The ongoing popularity of Sherlock Holmes has led to many theatrical and movie adaptations of Conan Doyle’s stories. Guiness World Records regards him as the “most portrayed movie character” with more than 70 actors playing the fictional detective in over 200 films. Of these 70, one of the best remembered is Basil Rathbone.
Basil Rathbone as Holmes
In 1939 20th Century Fox released two Holmes movies, The Hound of the Baskervilles and The Adventures of Sherlock Holmes. Portraying the lead roles of Holmes and Dr. Watson were Rathbone and Nigel Bruce. Both films were well received by audiences, in part due to the screen presence of both actors, particularly Rathbone.
The South African born Rathbone, who had often been cast as a villain in previous movies such as The Adventures of Robin Hood was an ideal choice to play the role. His height of 6-1, build, and facial features nearly matched the literary Holmes as described by Doyle. Trained on the Shakespearean stage, he was also able to bring a staid, dignified sophistication to the role.
Universal Studios Steps In
Shortly after the Fox movies were released, Rathbone and Bruce reprised their roles in a popular radio series based on the Doyle stories. Then in 1940 Universal Studios signed the two men to star in what would become a series of 12 Holmes movies, the last released in 1946.
The 12 movies were essentially low budget “B” or second feature films that ranged in storytelling from mediocre to quite good. The one which is still considered the best and holds up well today was the sixth in the series — The Scarlet Claw.

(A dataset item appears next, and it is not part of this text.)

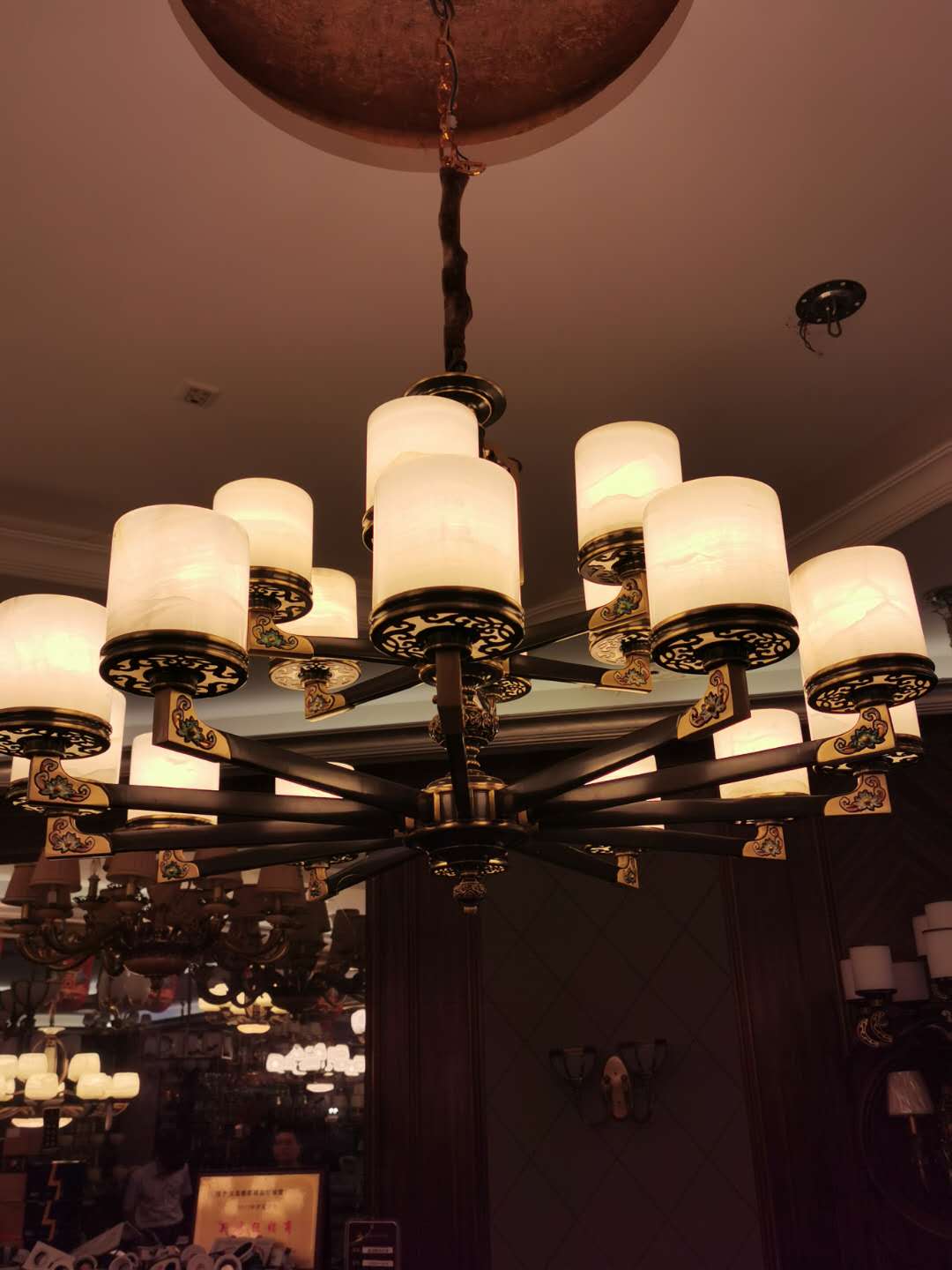 国潮系列鼎居灯饰旗下新中式全铜玉石吊灯温馨独特风格详情2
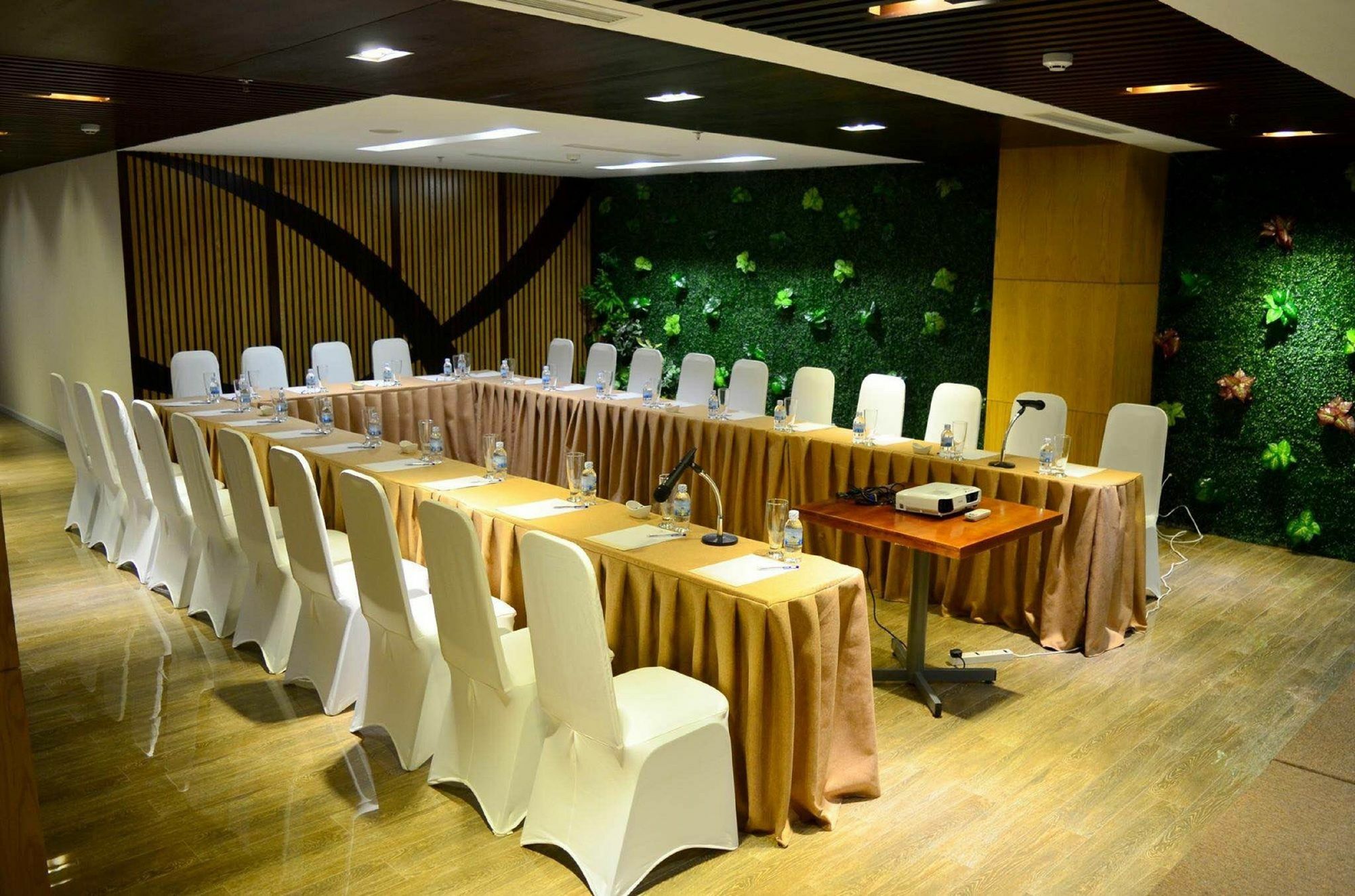 King Town Grand Hotel & Wedding Center Nha Trang Dış mekan fotoğraf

Synopsis of The Scarlet Claw
- Cast: Basil Rathbone, Nigel Bruce, Miles Mander, Ian Wolfe, Gerald Hamer, Paul Cavanaugh, and Kay Harding
- Director: Roy William Neill
- Length: 74 minutes
- Color: B&W
Holmes and Watson are in Montreal attending a conference with Lord Penrose when the latter receives a message that his wife has been found dead, her throat savagely torn out. The three go to the Lord’s small French-Canadian village of La Mort Rouge to discover that the town's residents are all convinced that the killing is the work of the legendary La Mort Rouge monster, which allegedly roams the marshes around the village.

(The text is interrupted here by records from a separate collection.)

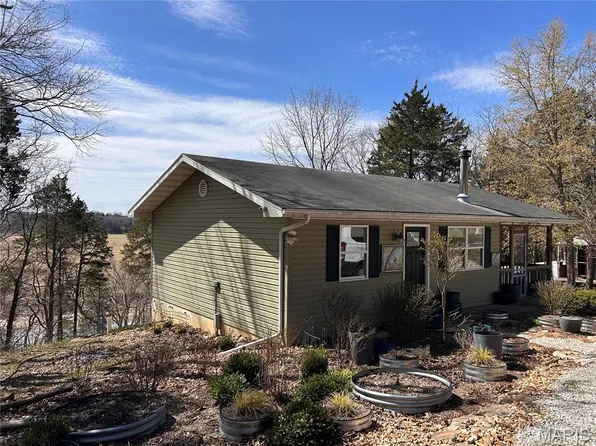 2581 River Rd, Mount Sterling, MO 65062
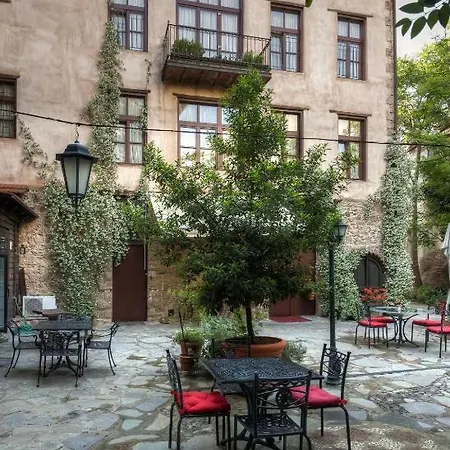 Boutique Palea Poli 4*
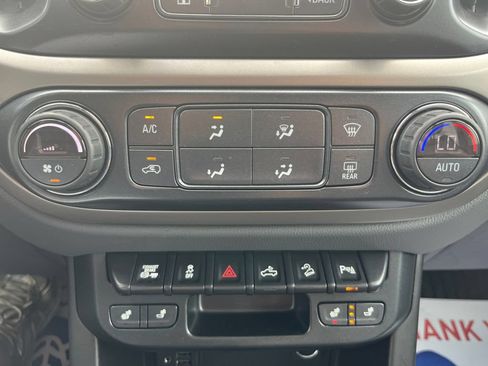 Used 2019 Chevrolet Colorado Z71 AWD/4WD image 19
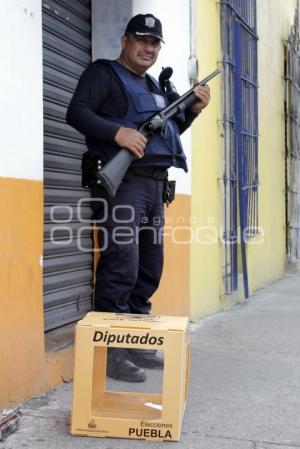 ROBAN URNAS EN LA 13 ORIENTE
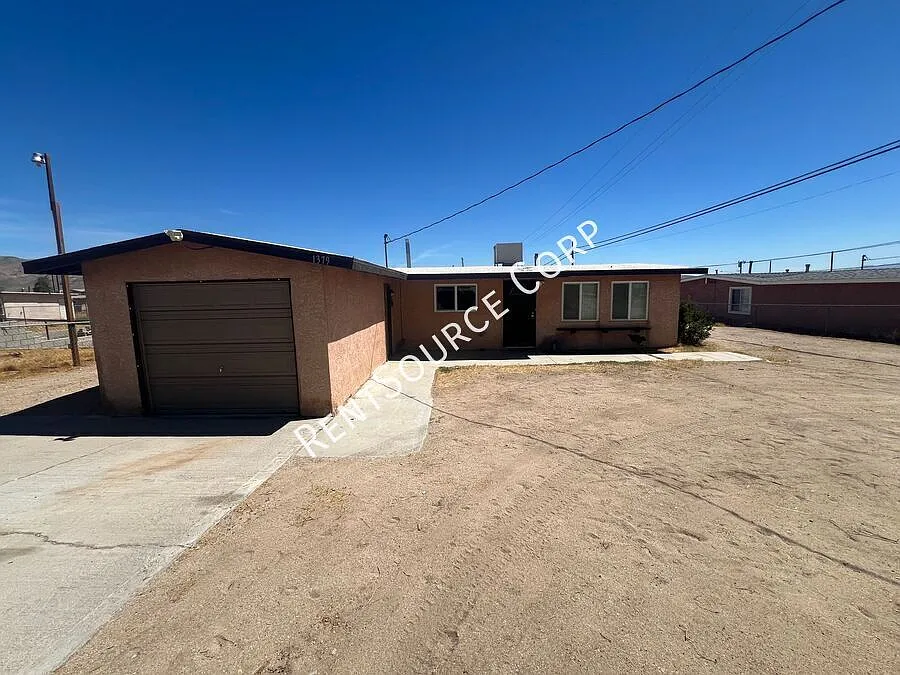 3 Bedroom Home For Rent in Barstow — Photo 1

Holmes, however, is skeptical, and quickly deducts that Lady Penrose, a former actress, is the victim of a revenge killing by an ex-actor and convict, Ramson, who was believed to have been killed in a prison escape years before. Holmes eventually tracks down the disguised killer, but not before a prominent judge and a young woman are also slain.
Analysis of The Scarlet Claw
Many Sherlock Holmes purists do not like the Universal series which was updated to the World War II era and, at best, only loosely followed any of Doyle’s stories. Although most critics have no problem with Rathbone’s portrayal per se, they do not like the character of Bruce’s Watson, feeling that he was often portrayed as Holme’s slow-witted foil rather than his trustworthy confidant.
Although purists may have legitimate concerns, The Scarlet Claw is still a fine movie. The original script by Edmund Hartmann, later a comedy writer for Bob Hope, and the film’s director, Roy William Neill, is tight, has no noticeable “holes,” and contains enough suspects and red herrings to keep the audience guessing.
Director Neill and his cameraman, George Robinson, are also to be noted for creating a very atmospheric, moody, and dark setting. The decision to have almost all the scenes shot in nighttime settings was a wise one. And the story has just enough of a Hound of the Baskervilles resemblance, with its moor-like environment and “luminous” creatures, to give the movie an eerie feel.
The acting is also notable. Rathbone never gave a “bad” Holmes presentation and English-born Bruce, even if his Watson doesn’t satisfy purists, always had great chemistry with Rathbone on screen. He also has a chance to show his comedic talent, particularly in one pub scene.
The supporting cast, although made up of lesser known actors, are quite capable. In particular are Gerald Hamer as a nervous postal carrier, Arthur Hohl as a nasty-tempered innkeeper, and Kay Harding as his ill-abused daughter.
The Scarlet Claw DVD
Once a mainstay of Late Night Movies and PBS, The Scarlet Claw appears infrequently on television today. However, there are several versions on DVD, including one recent (2009) release. These versions vary in quality, particularly the older ones, so any potential buyer would do well to read reviews on them.